President Bush had banned the federal funding of any hESC lines produced after August 9, 2001, because of the ethical problems involved in creating and using such lines. The hESC lines are created by destroying the "excess" embryos produced by fertility clinics; after the embryo is destroyed, stem cells reproduce by themselves to make a stable and reusable line.
The NIH guidelines are meant to ensure that couples donating their embryos to researchers know that the embryos will be destroyed, are not offered any financial incentives to destroy them, and are given the option of donating their embryo to another couple. The actual destruction of embryos and the creation of hESC lines is still performed with private money; taxpayer funding is for the research conducted with these lines.

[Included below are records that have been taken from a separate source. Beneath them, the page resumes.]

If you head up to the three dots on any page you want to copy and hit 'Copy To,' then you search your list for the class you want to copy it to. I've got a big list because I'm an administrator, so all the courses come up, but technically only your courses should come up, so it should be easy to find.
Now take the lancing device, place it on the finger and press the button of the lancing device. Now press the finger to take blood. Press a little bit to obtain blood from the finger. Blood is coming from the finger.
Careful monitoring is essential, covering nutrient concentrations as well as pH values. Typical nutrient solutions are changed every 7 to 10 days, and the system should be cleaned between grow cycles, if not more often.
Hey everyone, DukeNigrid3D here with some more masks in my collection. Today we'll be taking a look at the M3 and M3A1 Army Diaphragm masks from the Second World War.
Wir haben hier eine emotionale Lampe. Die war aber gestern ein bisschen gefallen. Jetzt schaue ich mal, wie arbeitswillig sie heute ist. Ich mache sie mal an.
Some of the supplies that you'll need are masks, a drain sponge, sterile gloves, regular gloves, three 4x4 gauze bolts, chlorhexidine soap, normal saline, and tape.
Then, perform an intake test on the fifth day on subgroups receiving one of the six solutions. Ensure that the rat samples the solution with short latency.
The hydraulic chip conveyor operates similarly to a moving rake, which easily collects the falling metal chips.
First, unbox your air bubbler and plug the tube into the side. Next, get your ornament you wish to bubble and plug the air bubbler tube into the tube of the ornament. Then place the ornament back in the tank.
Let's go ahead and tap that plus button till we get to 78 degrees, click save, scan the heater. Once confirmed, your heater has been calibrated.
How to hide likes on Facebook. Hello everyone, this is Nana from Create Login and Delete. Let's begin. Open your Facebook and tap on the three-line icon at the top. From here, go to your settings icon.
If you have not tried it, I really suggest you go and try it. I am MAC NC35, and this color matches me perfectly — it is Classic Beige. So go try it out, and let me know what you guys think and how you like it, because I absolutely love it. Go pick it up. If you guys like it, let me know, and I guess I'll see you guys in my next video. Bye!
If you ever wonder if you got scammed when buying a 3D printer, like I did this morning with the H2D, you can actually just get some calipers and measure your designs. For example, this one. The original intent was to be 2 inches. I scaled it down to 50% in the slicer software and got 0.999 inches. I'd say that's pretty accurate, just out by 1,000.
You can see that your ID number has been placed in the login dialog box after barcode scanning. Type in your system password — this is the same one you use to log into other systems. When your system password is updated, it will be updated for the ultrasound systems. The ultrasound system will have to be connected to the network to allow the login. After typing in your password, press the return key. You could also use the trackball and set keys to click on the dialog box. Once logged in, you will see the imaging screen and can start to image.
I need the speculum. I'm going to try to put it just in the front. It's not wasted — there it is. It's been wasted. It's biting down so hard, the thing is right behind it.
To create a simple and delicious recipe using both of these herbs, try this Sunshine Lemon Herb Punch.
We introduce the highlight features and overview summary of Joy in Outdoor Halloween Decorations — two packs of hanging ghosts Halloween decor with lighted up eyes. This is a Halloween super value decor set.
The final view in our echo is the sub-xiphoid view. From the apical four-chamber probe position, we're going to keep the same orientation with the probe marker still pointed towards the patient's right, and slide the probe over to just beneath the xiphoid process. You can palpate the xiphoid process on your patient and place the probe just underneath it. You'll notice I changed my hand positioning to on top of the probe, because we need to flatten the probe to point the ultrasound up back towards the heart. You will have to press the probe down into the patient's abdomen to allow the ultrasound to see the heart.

The 13 hESC lines approved yesterday were harvested by scientists at Children's Hospital Boston and at Rockefeller University. More that 20 additional stem cell lines may be approved on Friday; 96 lines are currently submitted to the NIH for consideration. Over $20 million in over 30 NIH grants pertaining to embryonic stem cell research had been restricted from use before this announcement.
Many have heralded embryonic stem cells as a miracle cure that could someday heal everything from heart disease to Alzheimers. Yet hESCs thus far have proved more apt to produce tertomas, tumors containing hair, teeth, and other tissues, than to produce any cure; human adult stem cells, which may be produced without destroying an embryo, have had far more success at curing a variety of diseases.
Dr. Collins said that one of the now-funded studies focuses "on the use of stem cells tor therapeutic regeneration of heart muscle cells damaged by heart." He continued: "Another will produce neural stem cells to learn to see whether they can be used for Parkinson's disease."
Interestingly, on same day that the NIH made its announcement, it was reported that another study has had great success using adult stem cells in treating those whose hearts were injured by a heart attack. Furthermore, human adult stem cells have already successfully been used to treat Parkinson's disease.
Non-embryonic stem cells have also been used to treat multiple scelerosis, blindness, lupus, diabetes, spinal cord injuries, and even to re-grow bones.
On the other hand, the FDA recently delayed a bid by biotechnology company Geron to conduct the very first clinical human trials with embryonic stem cells. Professor Lord Winston of Imperial College, an advocate of embryonic stem cell research, said in a 2007 lecture that scientists "often go rather too far in promising what we might achieve" and that he was "not entirely convinced that embryonic stem cells will, in my lifetime, and possibly anybody's lifetime for that matter, be holding quite the promise that we desperately hope they will."
A former director of the National Institute of Health bluntly declared earlier this year that "embryonic stem cells are obsolete."
Her pronouncement was spurred by the 2007 creation of "induced pluripotent stem cells" (iPS cells) from adult skin. Such cells have the ability to turn into any other kind of cell, like embryonic stem cells, but do not require the destruction of an embryo. "Already these reprogrammed cells have eclipsed the value of those harvested from embryos," she wrote, "because of significantly lower cost, ease of production, and genetic identity with the patient."
Richard Doerflinger of the United States Conference of Catholic Bishops therefore said that the NIH's announcement was "a political event, but the science is all moving in the other direction," toward iPS cells.